In Kapitel 11 ist es allerdings anders. Das Schweigegebot für Frauen findet sich auch an anderen Stellen. (z.B. 1.Tim 2,8-15)
Das ist das erste was man festhalten sollte. Nun ist es ja aber nicht unbedingt entscheidend wie oft eine Anweisung in der Bibel vorkommt. Wenn eine Anweisung klar und deutlich ist dann müssen wir sie stehen lassen, ob sie nun 1 mal steht oder 10 mal wiederholt wird. Der Hintergrund ist natürlich immer zu beachten. Um eine Aussage auf ihre Allgemeingültigkeit zu prüfen ist es wichtig an wen und mit welcher Begründung sie gemacht wird. Als Beispiel mal folgendes.
"Daher, Brüder, eifert danach, zu weissagen, und Hindert das Reden in Sprachen nicht." (1.Korinther 14,39)
Die Aussage ist zuerst einmal an die Korinther gerichtet. Wenn man den Kontext berichtet scheint es klar, dass zu dieser Zeit Weissagung und Sprachenreden nicht unüblich waren. Das sagt aber noch nichts darüber aus wie es bei uns heute ist. Also müssen wir zuerst prüfen ob die Umstände in Korinth und bei uns die gleichen sind um darüber zu entscheiden ob der Vers auch für uns gilt. Der Vers gilt also für die Situation in Korinth und nicht unbedingt für uns. (Die Diskussion über Sprachenrede heute gehört wohl nicht in diesen Thread)
Die Diskussion um das Schweigegebot ist eine ganz andere. Im Timotheusbrief wird es noch deutlicher. Hier sagt Paulus:
"Ich erlaube aber einer Frau nicht zu lehren, auch nicht über den Mann zu herrschen, sondern <ich will>, dass sie sich in der Stille halte,
denn Adam wurde zuerst gebildet, danach Eva; und Adam wurde nicht betrogen, die Frau aber wurde betrogen und fiel in Übertretung." (1.Timotheus 2,12-14)
Die Gründe die Paulus nennt sind keine Zeitabhängigen. Da hat sich nichts geändert, das war vor 2000 Jahren so und auch heute. Und wenn man die Begründung von Paulus in frage stellt, wie es ja heute teilweise getan wird, dann greift man die Autorität der Bibel an. Die Frage nach dem Schweigegebot ist also ziemlich eindeutig zeitunabhängig.
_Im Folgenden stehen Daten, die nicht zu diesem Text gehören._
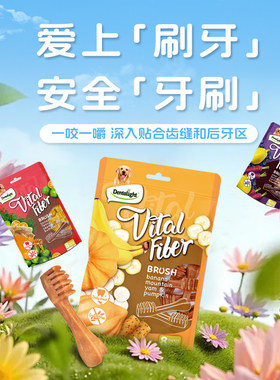 Dentalight洁齿骨磨牙棒狗狗零食宠物成犬幼犬磨牙零食解压训练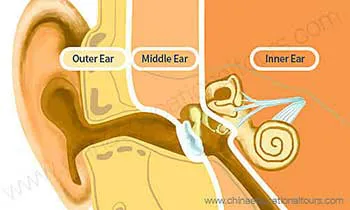 Human Ear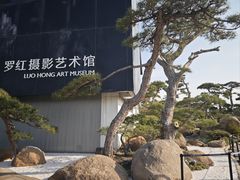 -罗红摄影艺术馆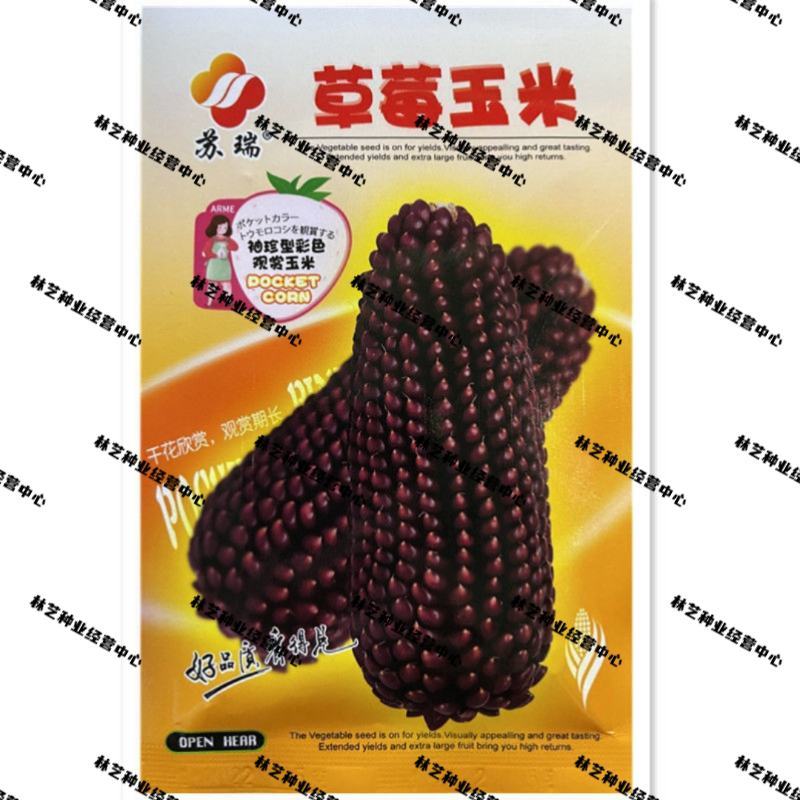 草莓水果玉米种子种籽四季种植农家玉米蔬菜种籽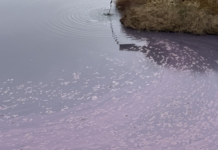 Экоудар по Одесскому региону: кто ответит за 12 миллионов убытков, — ВИДЕО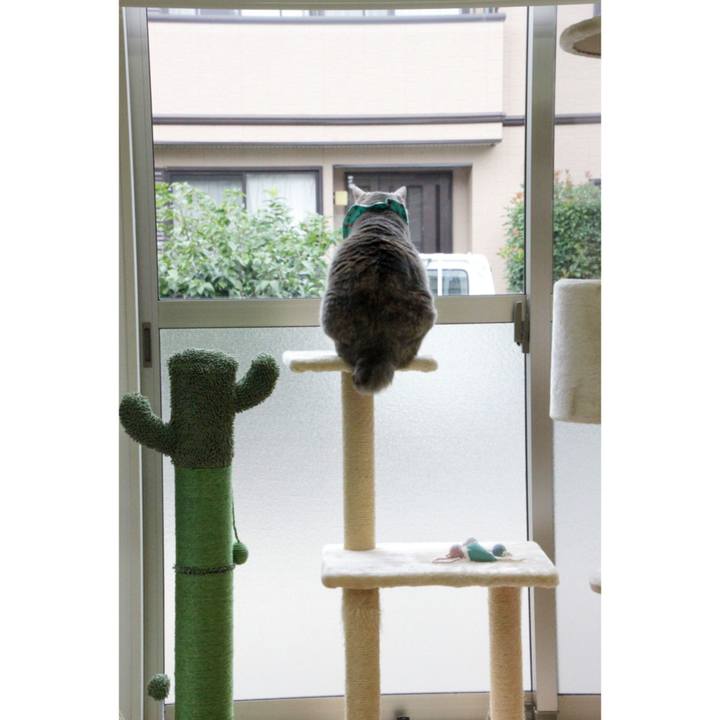 40b45a73 45c8 4e3d 885d 5c7f0e14c656 1661397757646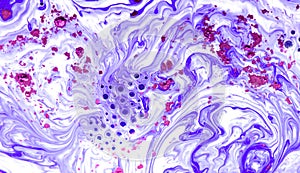 Abstract pattern, Traditional Ebru art. Color ink paint with waves. Floral background.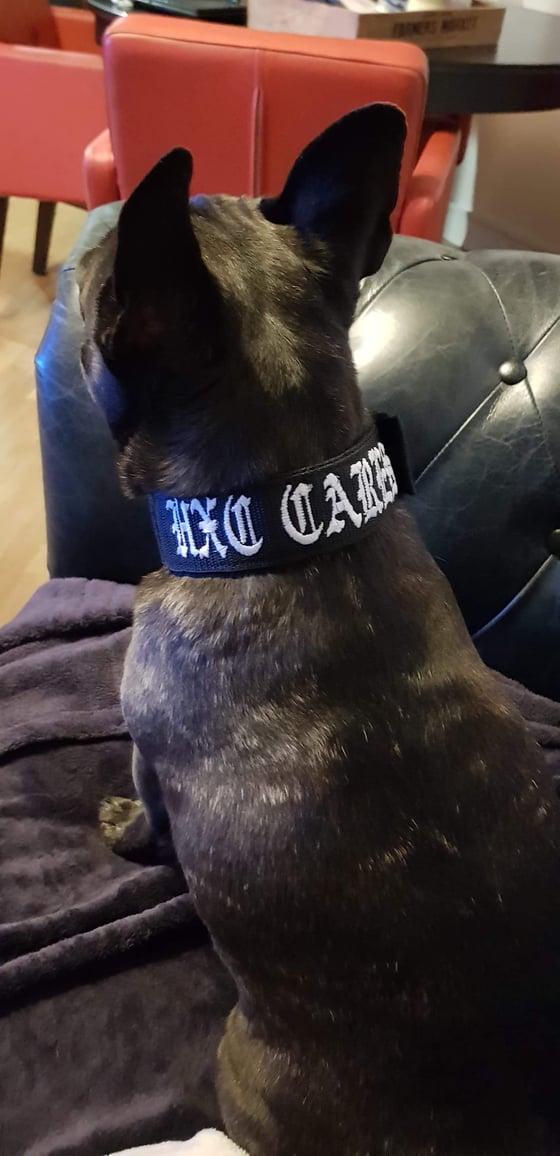 Image of COLLIER CHIEN BRODE "HXC CARES"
Eine andere Frage ist meiner Meinung nach die nach der Kopfbedeckung. (1.Korinther 11) Es gibt dazu ja die verschiednsten Theorien. Die meiner Meinung nach schrägste von Thomas Schirrmacher. (
klick)
Diese Argumentation kann ich nicht ganz nachvollziehen aber es stellt sich bei mir eine andere Frage. Dass es Paulus in 1.Korinther 11 in erster Linie darum geht, dass sich die Frau dem Mann unterordnen soll, dessen sind sich alle Ausleger einig.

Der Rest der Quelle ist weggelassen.